> Problem description
Your reply should reproduce each entry exactly and contain no pictures.
● ● ● ● ● ● ●
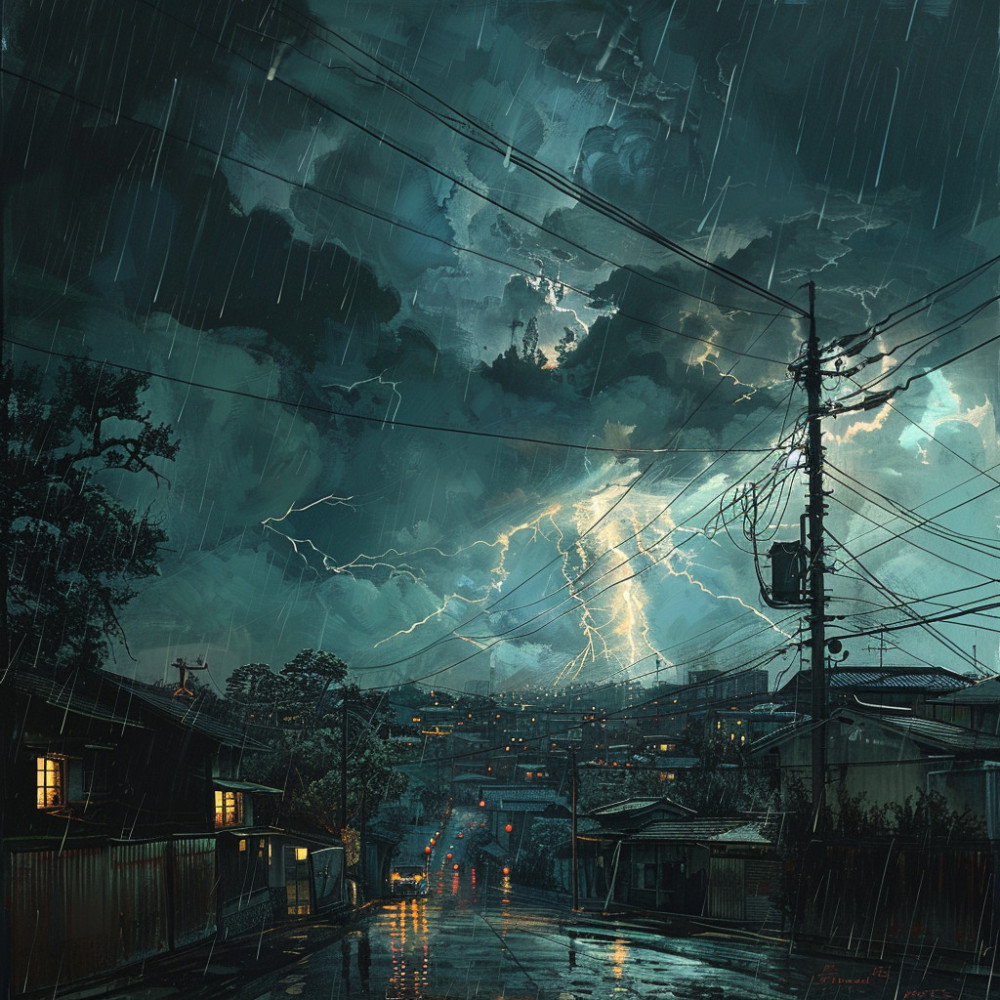 Soft Thunder's Retreat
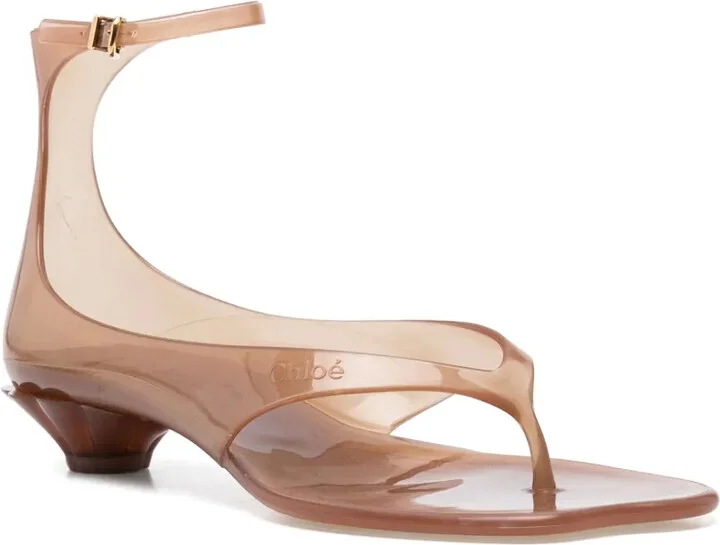30mm Jelly sandals - Image 2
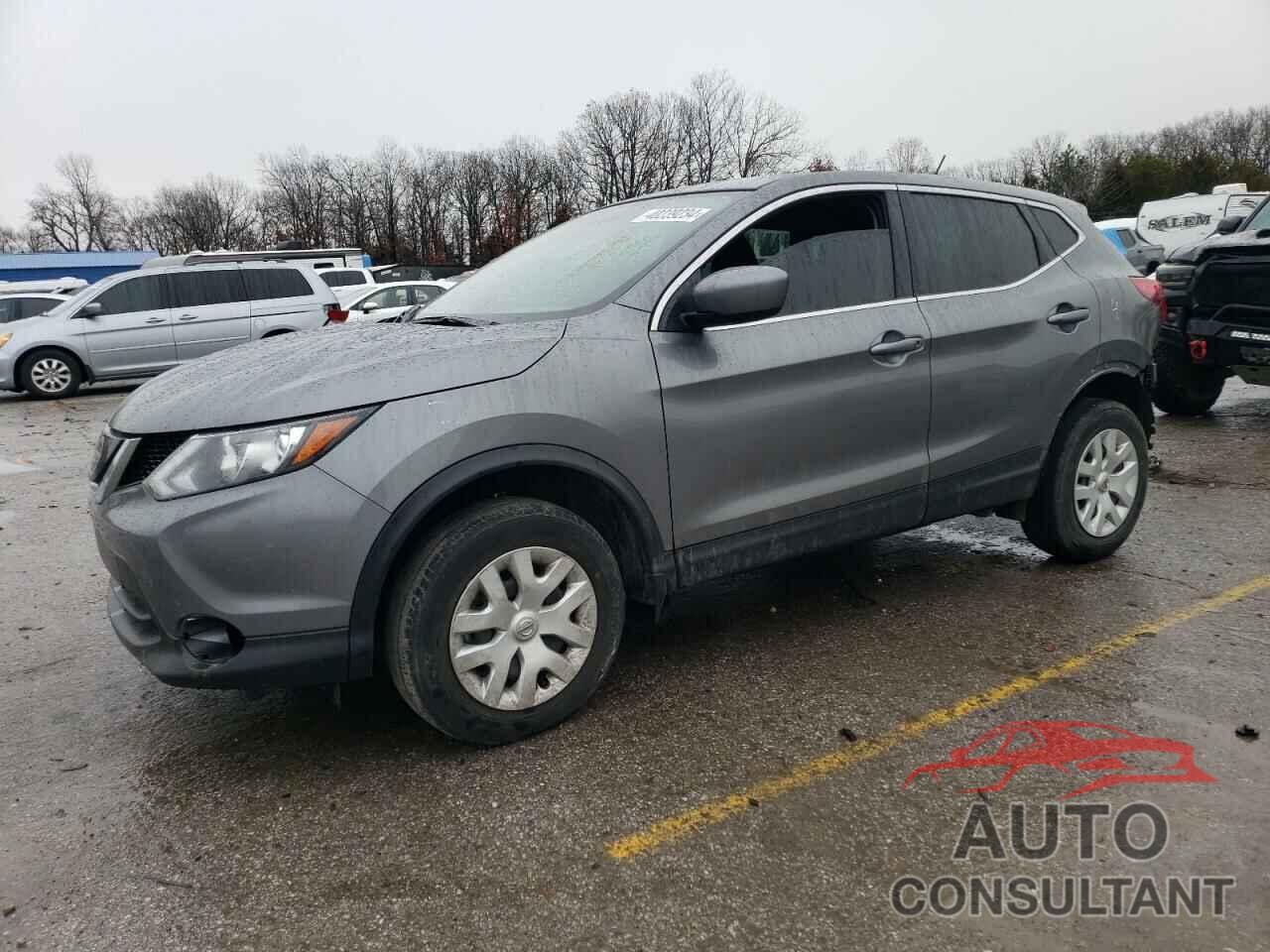 NISSAN ROGUE 2019 - JN1BJ1CP0KW528323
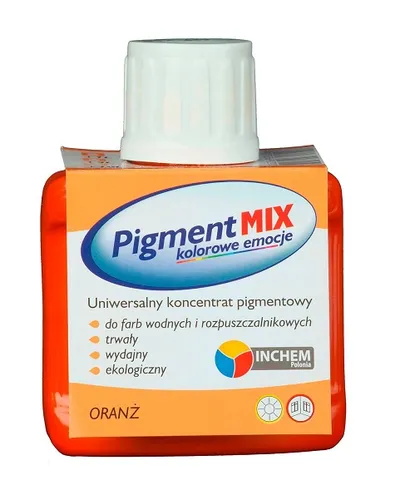 INCHEM Pigment Mix Oranż 80ml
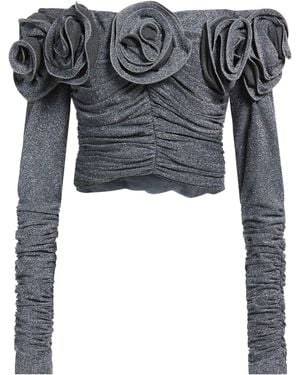 Babylon Tops - Gray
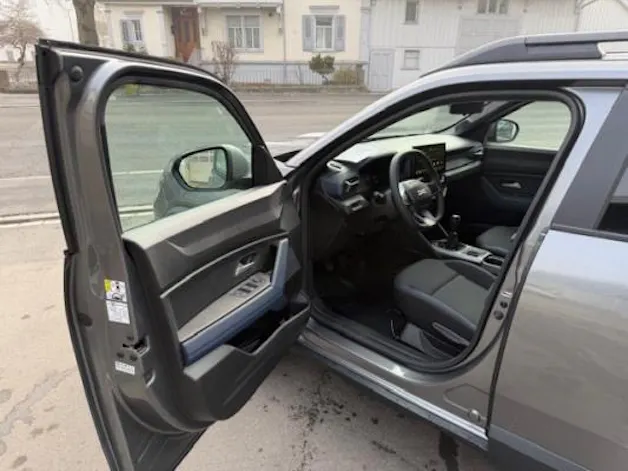 Dacia Duster 130 48V Journey4x4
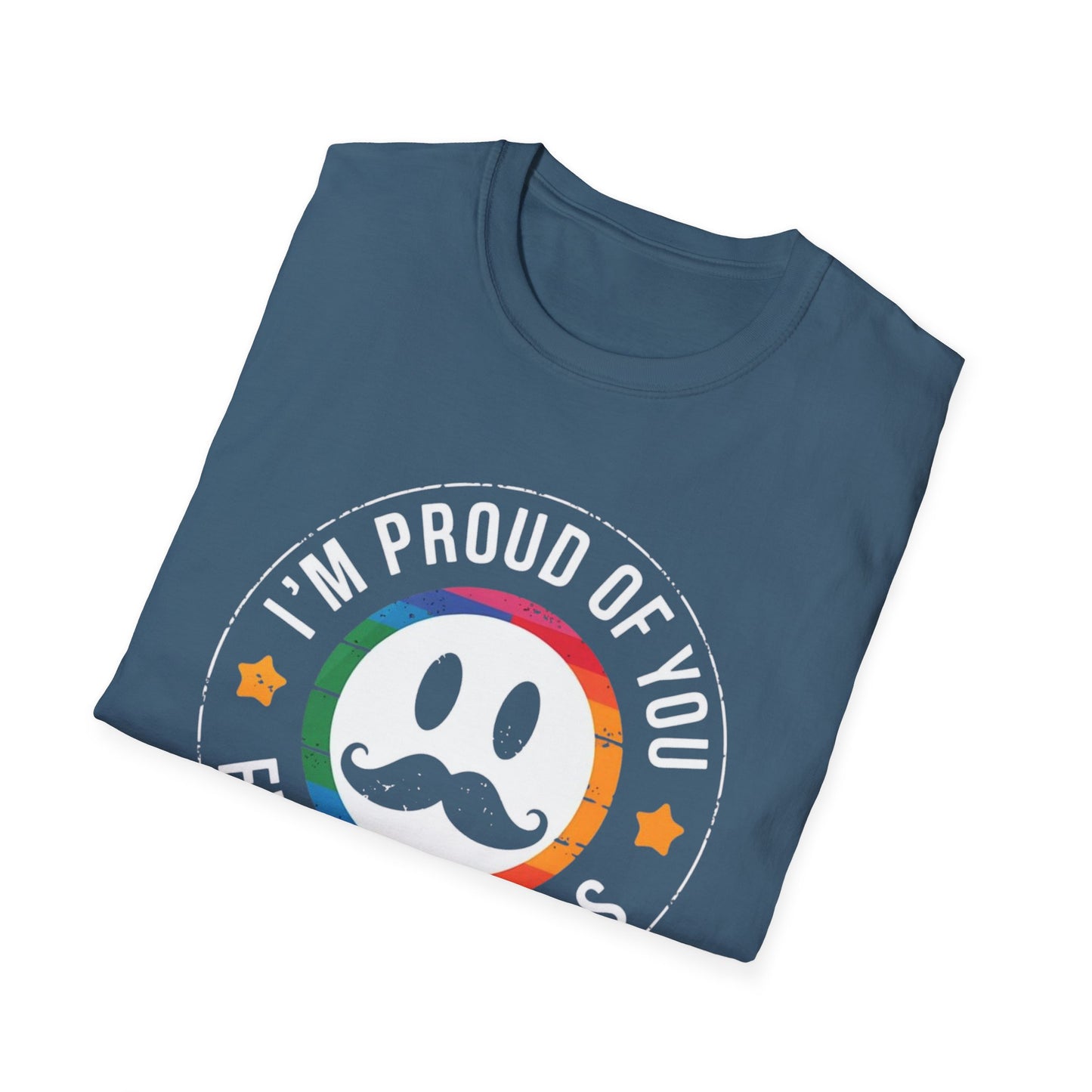 I'm Proud of You ~ Dad Hugs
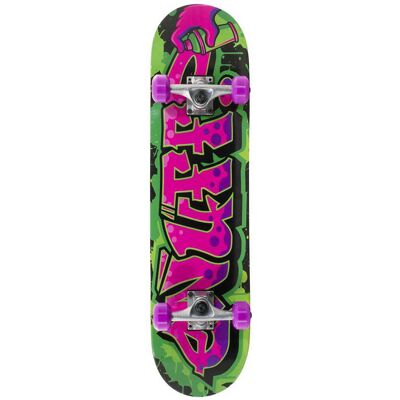 Enuff Graffiti ll Skateboard Pink 7.75 x 31.5 Enuff Graffiti ll Skateboard Pink 7.75 x 31.5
● ● ● ● ● ● ●
> Output below
 Soft Thunder's Retreat
30mm Jelly sandals - Image 2
 NISSAN ROGUE 2019 - JN1BJ1CP0KW528323
 INCHEM Pigment Mix Oranż 80ml
 Babylon Tops - Gray
 Dacia Duster 130 48V Journey4x4
 I'm Proud of You ~ Dad Hugs
 Enuff Graffiti ll Skateboard Pink 7.75 x 31.5 Enuff Graffiti ll Skateboard Pink 7.75 x 31.5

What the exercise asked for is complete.